Erase una vez, en el antiguo país de las fábulas, una familia integrada por un padre, una madre, un abuelo que era el padre del padre y un niño de ocho años, un muchachito.
Sucedía que el abuelo ya tenía mucha edad, por eso le temblaban las manos y se le caía la comida de la boca cuando estaban a la mesa, lo que causaba gran irritación al hijo y a la nuera, siempre diciéndole que tuviera cuidado con lo que hacía, pobre viejo, por más que quisiera, no conseguía contener los temblores, pero aún si le regañaban, el resultado era que siempre manchaba el mantel o el suelo al dejar caer la comida, por no hablar de la servilleta que le ataban al cuello y que era necesario cambiarla tres veces al día, en el desayuno, al almuerzo y la cena.
Estaban las cosas así y sin ninguna expectativa de mejoría cuándo el hijo decidió acabar con la desagradable situación.
Apareció en casa con un cuenco de madera y le dijo al padre:
“A partir de ahora comerá aquí, sentado en el patio que es más fácil de limpiar para que su nuera no tenga que estarse preocupando con tantos manteles y tantas servilletas sucias”.
Y así fue. Desayuno, almuerzo y cena, el viejo sentado solo en el patio, llevándose la comida a la boca conforme era posible, la mitad se perdía en el camino, una parte de la otra mitad se le caía por la boca abajo, no era mucho lo que se le deslizaba por lo que el vulgo llama canal de la sopa.

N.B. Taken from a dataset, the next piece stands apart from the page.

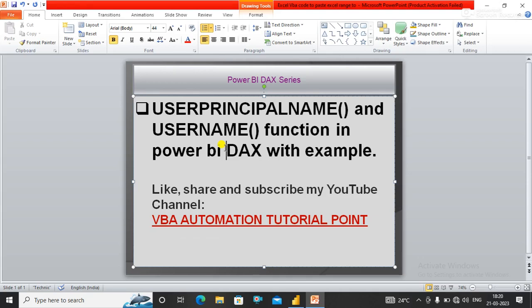Hello everyone, welcome to my YouTube channel VBA Automation Tutorial Point. If you are new to the channel, please like, share, and subscribe to get updated videos.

Al nieto no parecía importarle el feo tratamiento que le estaban dando al abuelo, lo miraba, luego miraba al padre y a la madre, y seguía comiendo como si nada tuviera que ver con el asunto.
Hasta que una tarde, al regresar del trabajo, el padre vio al hijo trabajando con una navaja un trozo de madera y creyó que, cómo era normal y corriente en esas épocas remotas, estaría construyendo un juguete con sus propias manos.

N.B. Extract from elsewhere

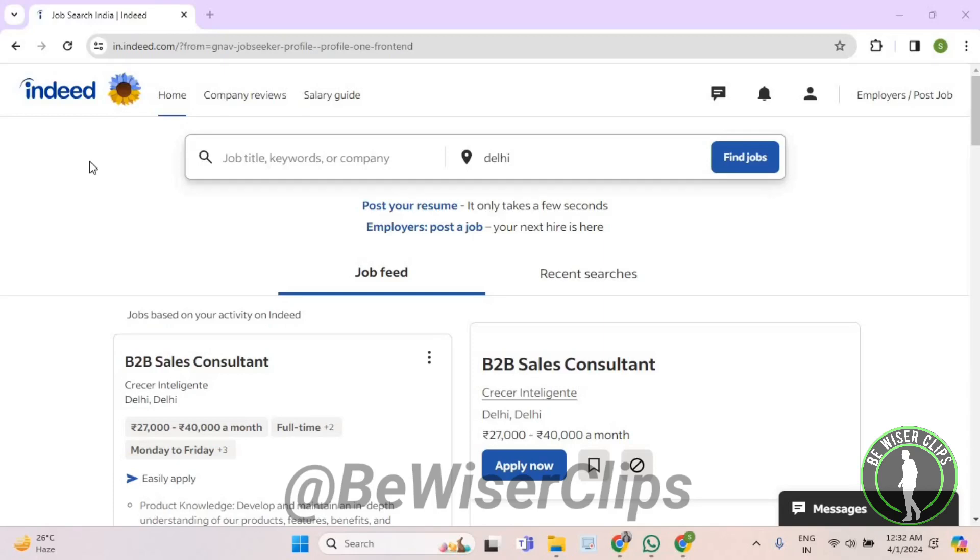Hello guys, in this video I will show you how to add your job type on Indeed.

Al día siguiente, sin embargo, se dio cuenta de que no se trataba de un carro, por lo menos no se veía el sitio donde se le pudieran encajar unas ruedas, y entonces pregunto, qué estás haciendo? El niño fingió que no había oído y siguió excavando en la madera con la punta de la navaja, esto pasó en el tiempo que los padres eran menos asustadizos y no corrían a quitar de las manos de los hijos un instrumento de tanta utilidad para la fabricación de juguetes.

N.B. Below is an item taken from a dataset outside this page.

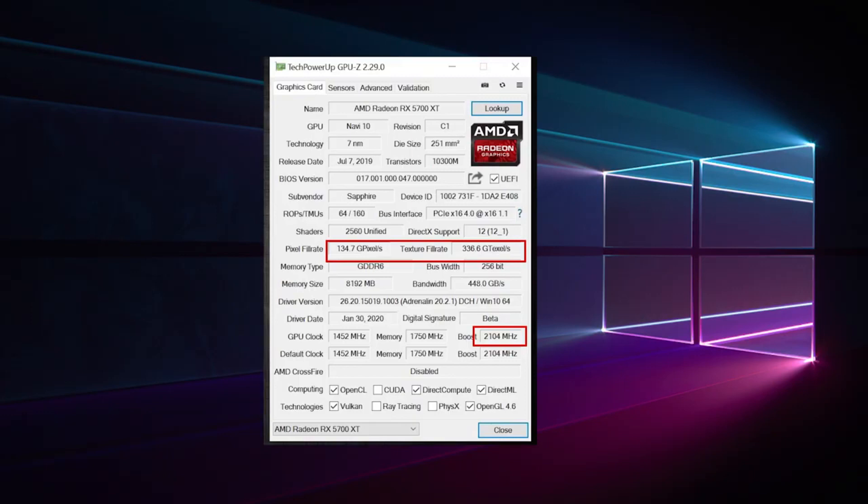If you increase the settings properly, you don't need any further clocking. However, if you need more power, let's have a look at the Wattman.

No me has oído, qué estás haciendo con ese palo, volvió a preguntar el padre, y el hijo, sin levantar la vista de la operación, respondió:
“Estoy haciendo un cuenco para cuando seas viejo y te tiemblen las manos, para cuando tengas que comer en el patio, como el abuelo”.
Fueron palabras santas. Se cayeron las escamas de los ojos del padre, vio la verdad y la luz, y en el mismo instante fue a pedirle perdón al progenitor y cuando llegó la hora de la cena con sus propias manos lo ayudó a sentarse en la silla, con sus propias manos le acercó la cuchara a la boca, con sus propias manos le limpió suavemente la barbilla, porque todavía podía hacerlo y su querido padre ya no.